The first death this year in Portugal occurred on 11 July, during the fight against a fire in the Lousã mountain range in the district of Coimbra, with the death of 55-year-old José Augusto, the team leader of the volunteer firemen of Miranda do Corvo. Three other firemen were injured in the incident.

On 18 July, a fireman from the Voluntários de Leiria, 34-years-old, died in the hospital of the city after having gone into cardio respiratory arrest when he was participating in the aftermath operations of a fire in the parish of Arrabal, in the municipality of Leiria.

The third fireman to die in the rural fires of this year was 21 year old Diogo Dias, from the corporation of Proença-a-Nova, who died on 25 July, after a car crash in Perna do Galego, in the municipality of Sertã, district of Castelo Branco, on his way to a fire in Oleiros.

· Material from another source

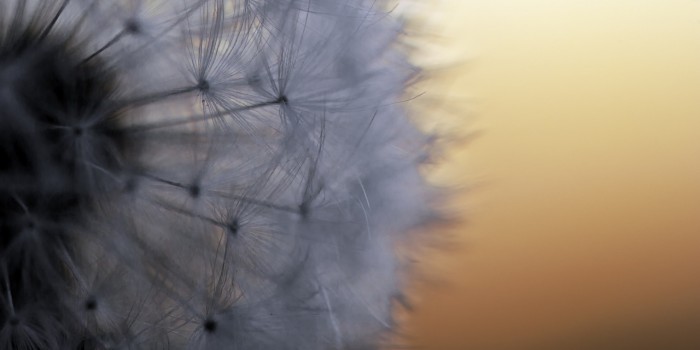 “Flugsamen in Bereitschaft – eingebettet im warmen Licht des Sonnenuntergangs” – (Bild 0032) “Flugsamen in Bereitschaft – eingebettet im warmen Licht des Sonnenuntergangs” – (Bild 0032)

On 30 July, fireman Carlos Carvalho, 40, from Cuba, in the district of Beja, who was seriously injured in the fire that broke out on 13 July in Castro Verde, died in the Hospital de Santa Maria, in Lisbon.

The most recent death of the fireman on 8 September while fighting a fire in Oliveira de Frades, in the district of Viseu, brings the number to five firemen who have lost their lives this year fighting rural fires in Portugal.

The mayor of Oliveira de Frades, Paulo Ferreira, spoke of the “irreparable loss” the death of fireman Pedro Ferreira and said that he had been connected to the local corporation since he was a little boy.

On 7 September, the Oliveira de Frades Chamber decreed three days of municipal mourning following the death of Pedro Daniel Ferreira, 38, deputy chief of the Permanent Intervention Team and firefighter at the Humanitarian Association of Voluntary Firefighters of Oliveira de Frades.

“Nothing we can say, no tribute we can pay, will bring Pedro back”, he said, guaranteeing that the council will give all the necessary support to his family (wife and young son).

The mayor admitted that the fact that the fireman died while on duty “greatly increases the emotional burden” of the death.

Not included in the figures of the firemen who have died this year is also the death of the Portuguese pilot Jorge Jardim, 65 years old, a pilot of a Portuguese Canadair plane that crashed, on 8 August during firefighting operations in the Peneda-Gerês National Park, in Lindoso, Viana do Castelo district.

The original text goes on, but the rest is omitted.